Para "amaciar" o texto,
o autor nos apresenta a uma situação hipotética de tribos. Cada uma com suas
características, apresentados de uma forma que seja fácil de reconhecer que
elas são exemplos baseados em grupos ou comunidades reais. Cada uma com sua
própria moral, onde alguns são mais caridosos, outros são mais personalistas,
outros são um meio termo, outros são mais autoritários, etc. E com isto em
mente, fica mais fácil de entender que muitos de nossos conflitos existem com
base numa noção instintiva de que pertencemos a grupos, ou "tribos" diferentes,
como as que foram colocadas no livro. E como nossos desejos ou interpretações
de mundo são baseados nestes grupos, em diferentes níveis, com algum grau de
concordância e discordância. E para exemplificar isso, o autor recorre aos
republicanos e democratas, os partidos políticos dos EUA. Suas citações são
muito elucidativas a respeito de como estes dois grupos enxergam a maneira como
país deve ser conduzido.
Logo em seguida, vamos para a
gênese deste comportamento. Boa parte da obra é um grande ensaio sobre nossas
decisões, sobre as bases e construção de nossa moralidade, com a seleção de uma
série de curiosos experimentos morais que nos fazem pensar. E alguns são excelentes
mesmo. O exemplo do bonde é um de meus favoritos (utilizo nas minhas aulas,
quando vou abordar sobre a ética na ciência, para mostrar que nosso
comprometimento direto sobre um dilema pode confundir nossa percepção de certo
e errado). E a partir destes experimentos, Greene salienta seu viés
neurocientífico, abordando aspectos da mente e do cérebro, para tentar nos
mostrar o que se tem até o momento sobre uma abordagem objetiva a respeito de
nossas percepções, e como isso culmina na nossa moralidade.
É curioso como o autor parece
mudar de personalidade ao longo do texto.

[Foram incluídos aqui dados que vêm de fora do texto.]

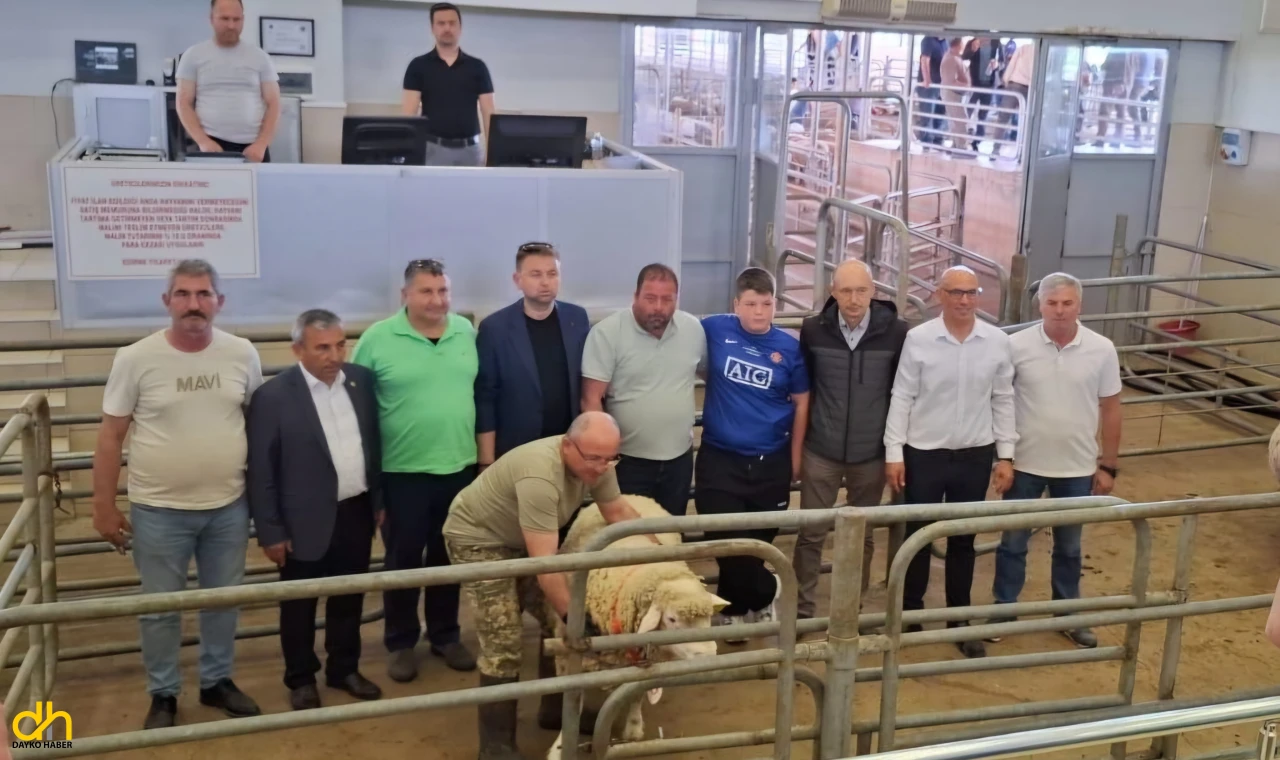 Edirne’de ilk kez ‘Koç ve Teke’ mezatı yapıldı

De uma abordagem mais científica,
agora entramos no seu "eu" filosófico, com uma extensa defesa do
utilitarismo, do qual ele é um defensor confesso. Mesmo que ele tenha uma boa
escrita, e consiga trabalhar o texto com certa graça, o assunto parece se
estender mais do que merece. Mas depois ele retorna para concluir a obra,
voltando a enfatizar sobre as bases biológicas de nosso relacionamentos
sociais, e como elas deram origem a nossa visão moral.
Publicado pela Editora Record, o
livro é feito de folhas amareladas e grosseiras, que dá a impressão de que o
volume de quase quinhentas páginas é maior do que parece. Sua escrita é suave
e, na parte filosófica, me surpreendeu por recorrer a um linguajar bem mais
acessível e pouco rebuscado. Mesmo que ele precise de repetir para manter na
mente do leitor uma linha específica de raciocínio, e ele mesmo reconhece isso,
esta forma de apresentação de suas ideias é muito mais digerível do que autores
clássicos de filosofia. Só por isso, Greene sai na dianteira com se livro. Você
vai terminar a obra com um bom entendimento sobre como nossos sentimentos sobre
o mundo são o resultado de seleção natural e de grupo (sua proposta para
entender o dilema do bonde é fascinante), e com uma sensação diferente de que
nem todas as dúvidas foram respondidas.